(Records excerpted from a collection)

-.-.-

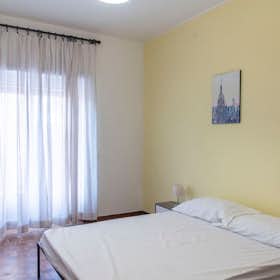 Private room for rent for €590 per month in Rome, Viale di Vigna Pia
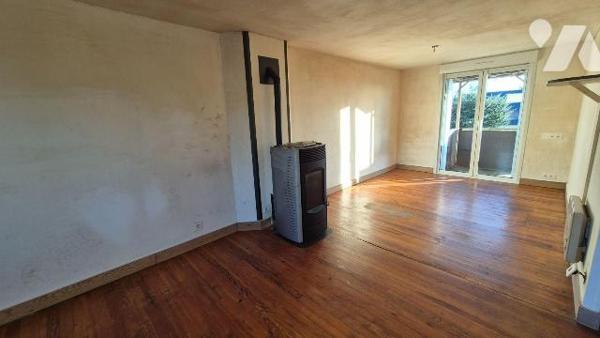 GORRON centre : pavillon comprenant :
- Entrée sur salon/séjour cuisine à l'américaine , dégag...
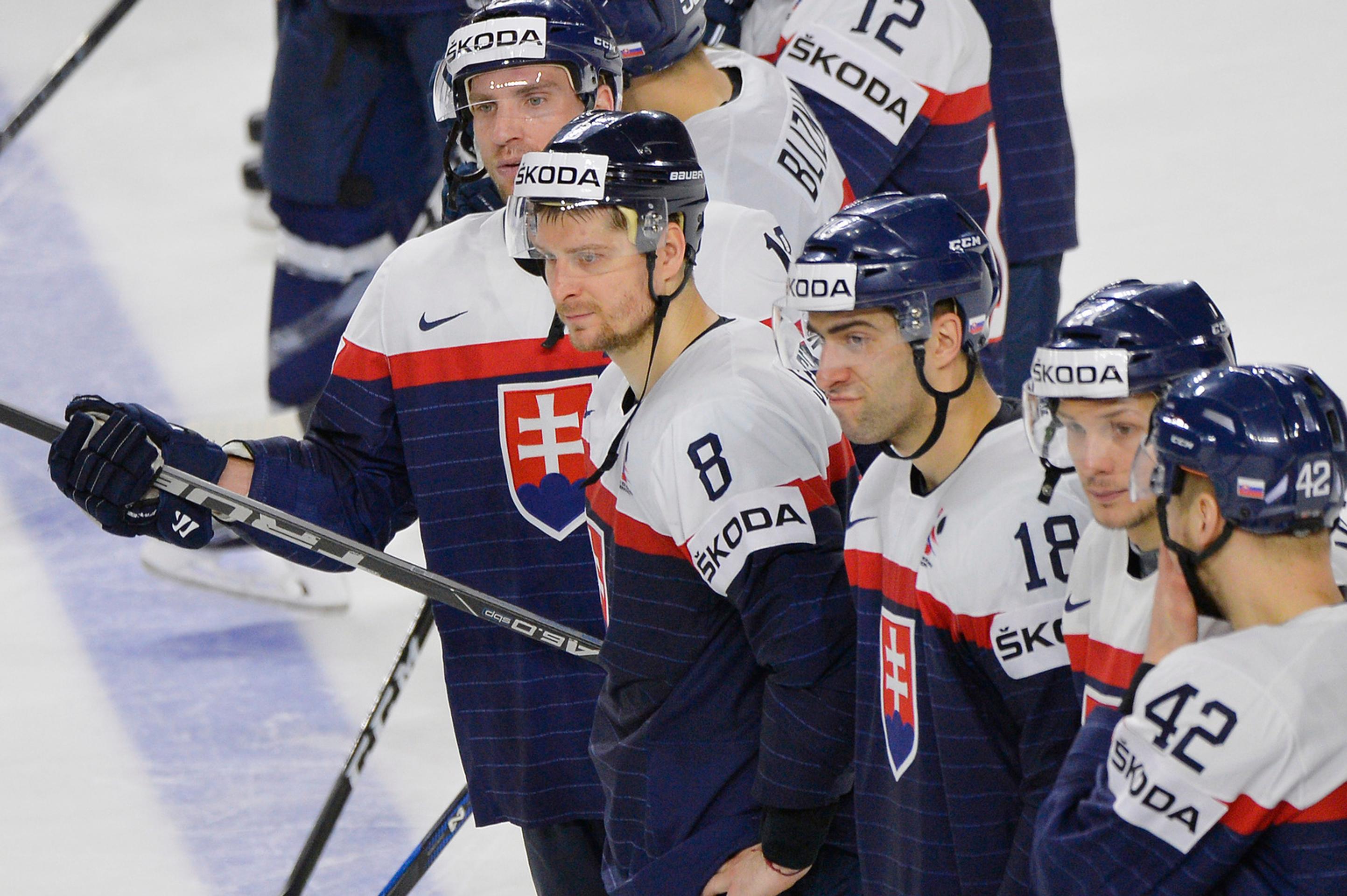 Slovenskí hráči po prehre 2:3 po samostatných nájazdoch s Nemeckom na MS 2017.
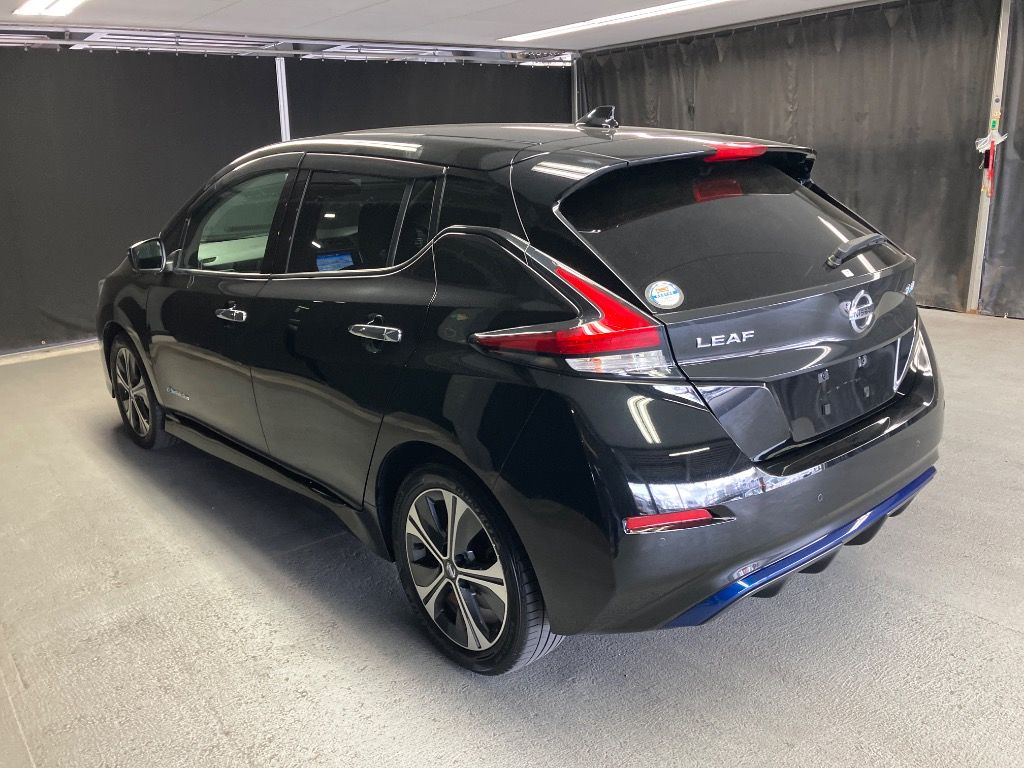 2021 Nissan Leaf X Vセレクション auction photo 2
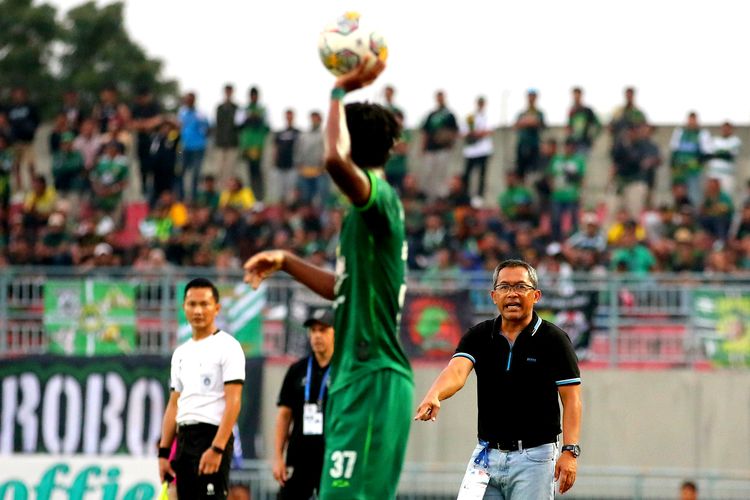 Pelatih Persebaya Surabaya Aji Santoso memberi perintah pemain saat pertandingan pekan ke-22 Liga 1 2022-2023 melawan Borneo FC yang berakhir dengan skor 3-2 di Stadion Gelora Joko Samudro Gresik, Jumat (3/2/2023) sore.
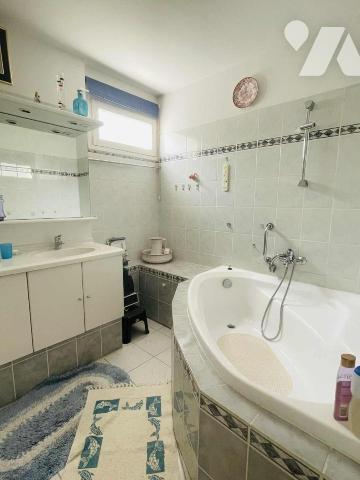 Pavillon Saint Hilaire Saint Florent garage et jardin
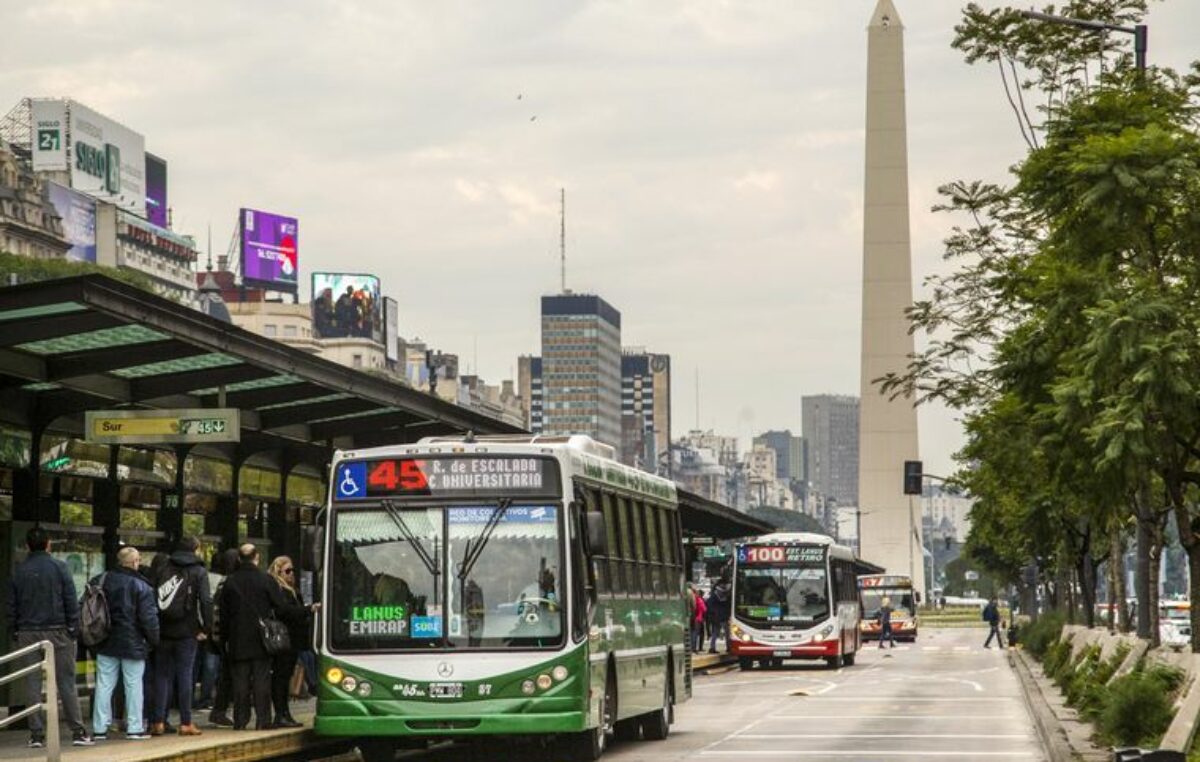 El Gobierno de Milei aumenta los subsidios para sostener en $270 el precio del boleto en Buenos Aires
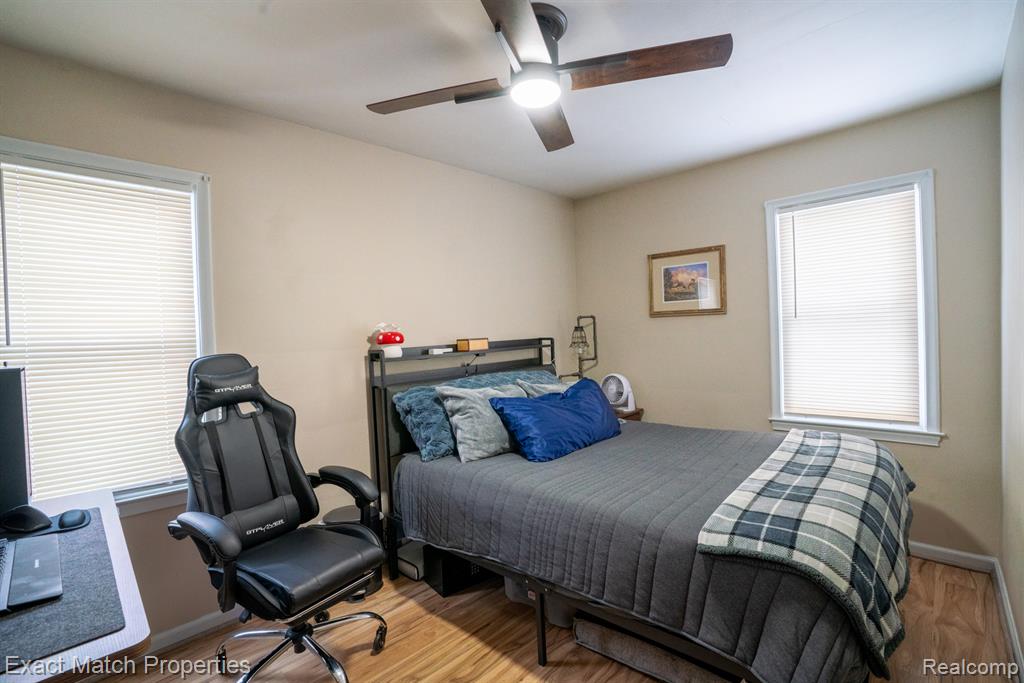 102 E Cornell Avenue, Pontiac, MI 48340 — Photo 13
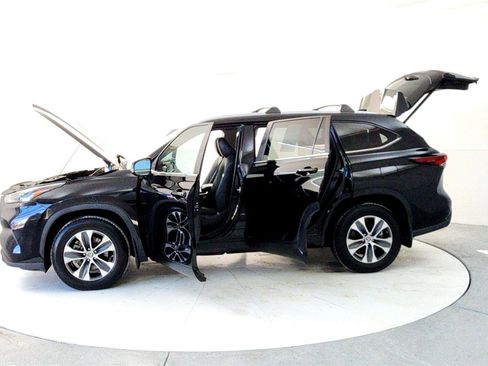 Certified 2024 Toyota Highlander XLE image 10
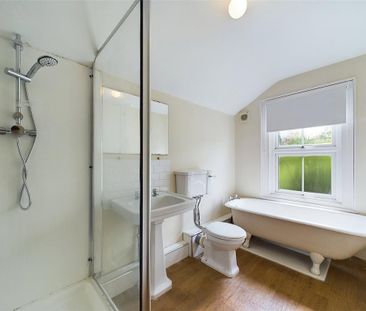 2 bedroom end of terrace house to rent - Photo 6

-.-.-

Your copy should match every record exactly and contain no pictures.

 Private room for rent for €590 per month in Rome, Viale di Vigna Pia
 GORRON centre : pavillon comprenant :
- Entrée sur salon/séjour cuisine à l'américaine , dégag...
 Slovenskí hráči po prehre 2:3 po samostatných nájazdoch s Nemeckom na MS 2017.
 2021 Nissan Leaf X Vセレクション auction photo 2
 Pelatih Persebaya Surabaya Aji Santoso memberi perintah pemain saat pertandingan pekan ke-22 Liga 1 2022-2023 melawan Borneo FC yang berakhir dengan skor 3-2 di Stadion Gelora Joko Samudro Gresik, Jumat (3/2/2023) sore.
 Pavillon Saint Hilaire Saint Florent garage et jardin
 El Gobierno de Milei aumenta los subsidios para sostener en $270 el precio del boleto en Buenos Aires
 102 E Cornell Avenue, Pontiac, MI 48340 — Photo 13
 Certified 2024 Toyota Highlander XLE image 10
 2 bedroom end of terrace house to rent - Photo 6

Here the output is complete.